Matthew Rheingold — a partner at the law firm of Einhorn Barbarito, Frost & Botwinick PC, where his focus includes wills, trusts and estates, and taxation — said he’s working with many clients “to prepare basic documents like trust agreements now, although we’ll wait to fund them once the details of the president’s tax plans get ironed out.”

He’s concerned though, that owners of certain businesses, including ones structured as sole proprietorships, partnerships or other “pass-through” entities — where profits and losses generally flow through to owners or members and are taxed at their individual income tax rate — may be in for a bigger tax bill.
“If President Biden follows through on his planned repeal of the QBI deduction [which currently enables certain small-business owners and others to deduct up to 20% of their qualified business income from being taxed at the federal level] for people with taxable income in excess of $400,000, it could be a big hit,” he said.
But the news isn’t all bad.
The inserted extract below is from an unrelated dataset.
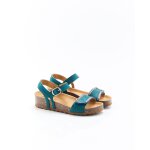 Sandales ouverture totale piedical Sandales ouverture totale piedical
Residents of New Jersey and certain other high-tax states could get a “huge” break if Biden is able to eliminate the $10,000 cap on state and local tax deductions from the 2017 Tax Cuts and Jobs Act, he added.
Prepare, don’t react
For estates, flexibility is crucial, advises Claire Toth, managing principal and senior wealth strategist at Peapack Private Wealth Management. “If you can delay making irrevocable decisions until all the facts are known, that’s ideal. Techniques like disclaimer trusts and flexible QTIP [qualified terminable interest property trust] elections can defer decisions about which spouse owns which assets until after the first death. A spousal limited access trust can move assets out of the estate while keeping them available to the donors.”

“The biggest possible estate tax change may be what happens to unrealized appreciation at death,” she added. “Under current law, most assets get a new tax basis equal to then fair market value. One possible change is no basis adjustment. Another is to tax all that appreciation at death. Either would roil the entire estate planning landscape. “
And “what happens to the basis of non-publicly traded assets like private businesses, real estate, and family farms?” she asked. “Creating a taxable event at death would require a new level of estate planning. It’s far better to prepare than react.”